El relato se basa en la leyenda popular en torno a la apertura de la tumba de Tamerlán (Timur el cojo) en Samarcanda, actual Uzbekistán, por un equipo de arqueólogos soviéticos liderado por el antropólogo Mijaíl Mijáilovich Guerasimov. La tumba fue abierta el 20 de junio de 1941.

La leyenda cuenta que en el sarcófago de Tamerlán había una inscripción que rezaba: "Quienquiera que abra mi tumba desatará sobre su pueblo un invasor más terrible que yo". Curiosamente, dos días después de la apertura de la tumba, el 22 de junio de 1941, la Alemania nazi lanzó la Operación Barbarroja, la invasión a gran escala de la Unión Soviética, que resultó en una de las campañas militares más devastadoras y sangrientas de la historia.

Algunos informes sugieren que los lugareños intentaron advertir a los arqueólogos sobre la profecía, pero fueron ignorados. La coincidencia temporal entre ambos eventos alimentó la creencia en una maldición o una profecía. Lo cierto es que, tras la invasión nazi, el cuerpo de Tamerlán fue devuelto a su tumba con honores militares en noviembre de 1942, y la creencia popular sostiene que la marea de la guerra comenzó a cambiar a favor de la Unión Soviética poco después, con la victoria en Stalingrado.
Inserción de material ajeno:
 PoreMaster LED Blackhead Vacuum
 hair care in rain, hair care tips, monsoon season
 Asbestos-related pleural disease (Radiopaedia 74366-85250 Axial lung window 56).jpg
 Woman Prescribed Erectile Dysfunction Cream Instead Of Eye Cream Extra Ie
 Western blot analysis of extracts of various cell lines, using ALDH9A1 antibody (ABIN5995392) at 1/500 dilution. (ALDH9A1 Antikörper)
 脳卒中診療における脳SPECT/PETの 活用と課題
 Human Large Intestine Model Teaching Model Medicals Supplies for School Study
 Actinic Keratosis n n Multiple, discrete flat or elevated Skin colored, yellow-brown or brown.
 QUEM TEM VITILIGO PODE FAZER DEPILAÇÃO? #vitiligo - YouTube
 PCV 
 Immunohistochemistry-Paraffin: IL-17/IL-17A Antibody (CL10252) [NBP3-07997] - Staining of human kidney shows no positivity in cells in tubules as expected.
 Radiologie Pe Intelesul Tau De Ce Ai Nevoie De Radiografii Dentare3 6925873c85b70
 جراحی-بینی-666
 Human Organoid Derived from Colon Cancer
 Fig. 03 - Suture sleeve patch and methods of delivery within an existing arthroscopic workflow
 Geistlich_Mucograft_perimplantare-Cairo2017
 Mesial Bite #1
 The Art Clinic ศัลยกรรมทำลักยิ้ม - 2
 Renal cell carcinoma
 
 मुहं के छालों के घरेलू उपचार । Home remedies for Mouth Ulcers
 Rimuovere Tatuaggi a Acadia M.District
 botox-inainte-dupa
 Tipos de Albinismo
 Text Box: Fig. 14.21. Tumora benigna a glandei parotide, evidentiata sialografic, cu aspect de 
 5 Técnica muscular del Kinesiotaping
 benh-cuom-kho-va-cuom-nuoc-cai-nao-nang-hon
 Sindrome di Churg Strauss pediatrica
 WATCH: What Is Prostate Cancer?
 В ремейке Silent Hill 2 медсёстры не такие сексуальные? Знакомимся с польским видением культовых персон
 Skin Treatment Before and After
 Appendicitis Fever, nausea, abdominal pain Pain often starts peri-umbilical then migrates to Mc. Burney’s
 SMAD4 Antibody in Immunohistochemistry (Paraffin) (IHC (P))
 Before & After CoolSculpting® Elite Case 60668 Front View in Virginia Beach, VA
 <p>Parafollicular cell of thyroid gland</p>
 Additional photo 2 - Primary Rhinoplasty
Cabe destacar que no existe evidencia histórica fehaciente de la inscripción "Quienquiera que abra mi tumba desatará sobre su pueblo un invasor más terrible que yo" antes de la apertura de la tumba. Es probable que esta leyenda surgiera o se popularizara a raíz de la invasión nazi, como una forma de dar sentido a un evento tan catastrófico y encontrar una explicación en el misticismo o la superstición. Mijaíl Guerasimov fue un antropólogo real y pionero en la reconstrucción facial a partir de cráneos, y realmente exhumó los restos de Tamerlán.